Try some s/w like Godfather. I dont care about the tags anymore, so tis may be outdated.
U can google 4 id3 modifying software. They can even unset tem


----------



## kikass (Aug 7, 2006)

there is this great free software called ID3-TagIt.... google it and download... will solve all your probs... great software.... i dont use it anymore coz it wont support AAC files (m4a)


----------



## Venom (Aug 7, 2006)

Hey, Press Ctrl+A in your music folder (select all), now hit properties, and go to summary tab, erase all valuse there (will be written as [multiple values]) and hit apply, thats it, all tags erased forever.
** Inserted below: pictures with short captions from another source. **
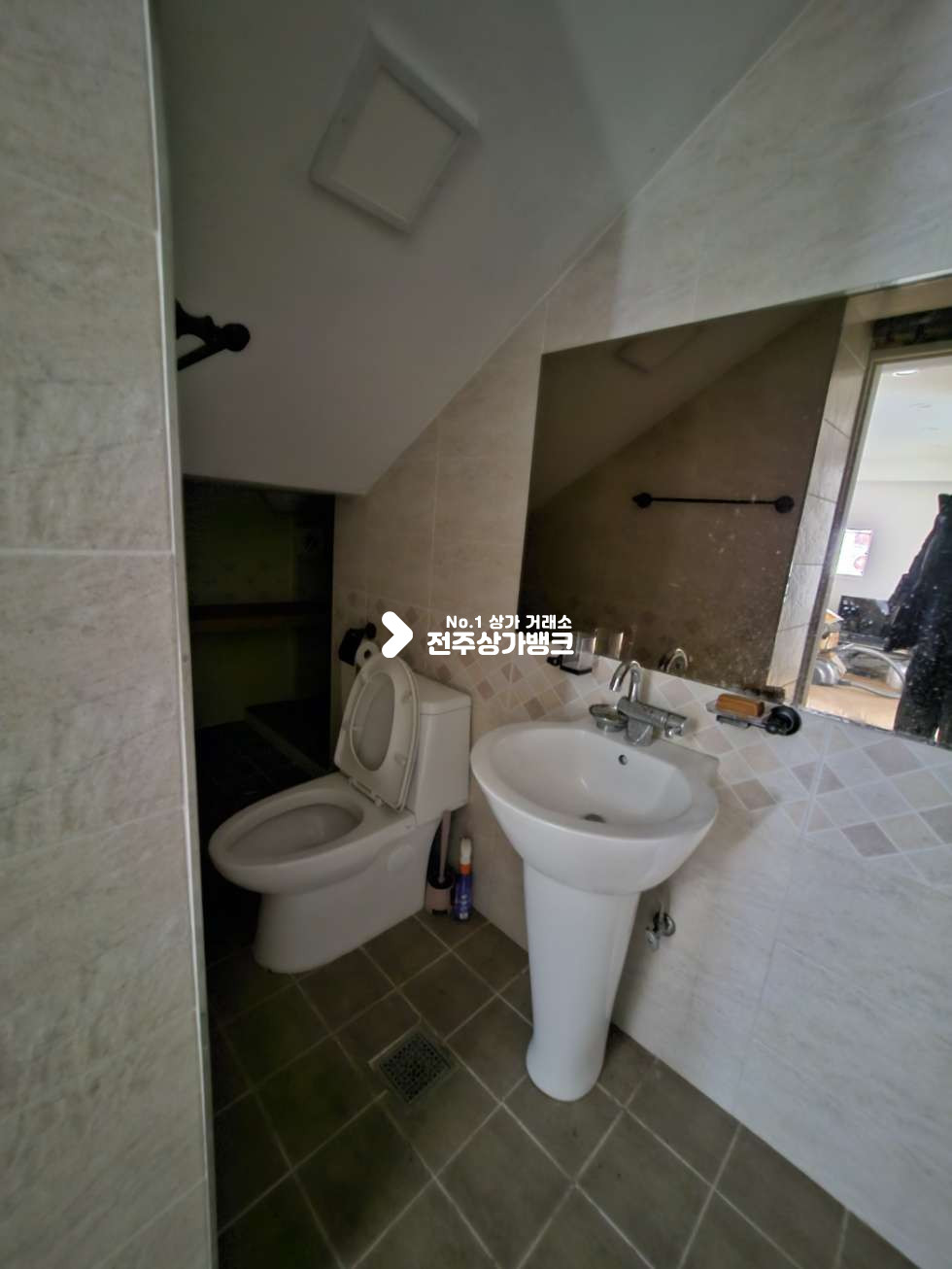전북 전주완산구 효자동3가 A 문학초인근 도로변/1층 깨끗한 상가/룸.화장실.창고 있음 월세 매물번호 13440 사진 6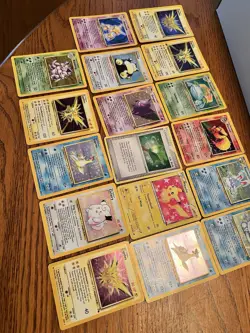 HUGE POKEMON ESTATE SALE LOT (WOTC HOLOS/VINTAGE & MID ERA HOLO/BULK) LP-DMG - Image 3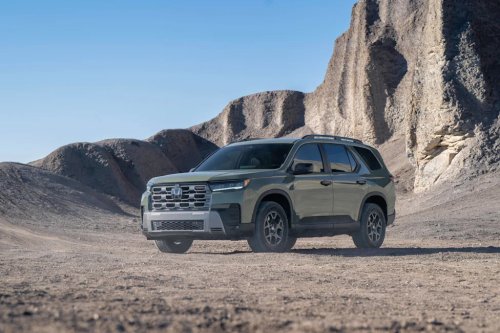 Honda, Honda Pilot, Mazda, Mazda CX-90, Hyundai, Hyundai Palisade, Honda Pilot Vs. Mazda CX-90 Vs. Hyundai Palisade: Which One Is The Best For Road Trips? There's One Clear Winner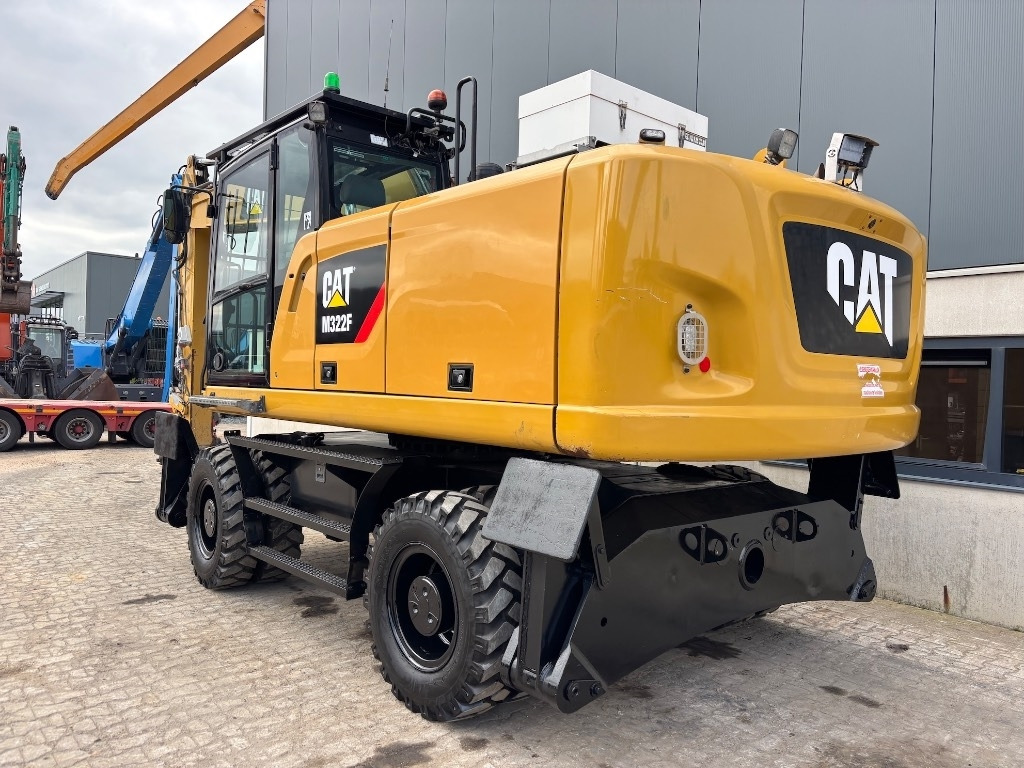 CAT M 322 F - M322 - M 320 - M 318  - Pelle sur pneus: photos 4 CAT M 322 F - M322 - M 320 - M 318  - Pelle sur pneus: photos 4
if you want to tag it well, use ID3-Tag-IT, tis the pawnage.


----------



## go4saket (Aug 7, 2006)

Venom said:
			
		

> Hey, Press Ctrl+A in your music folder (select all), now hit properties, and go to summary tab, erase all valuse there (will be written as [multiple values]) and hit apply, thats it, all tags erased forever.
> 
> if you want to tag it well, use ID3-Tag-IT, tis the pawnage.



Unable to edit anything there... How do I do it...


----------



## the deconstructionist (Aug 8, 2006)

Open the file by right clicking, next go to properties, next to advanced and click on the items to be edited. Finally do not forget to apply the changes.


----------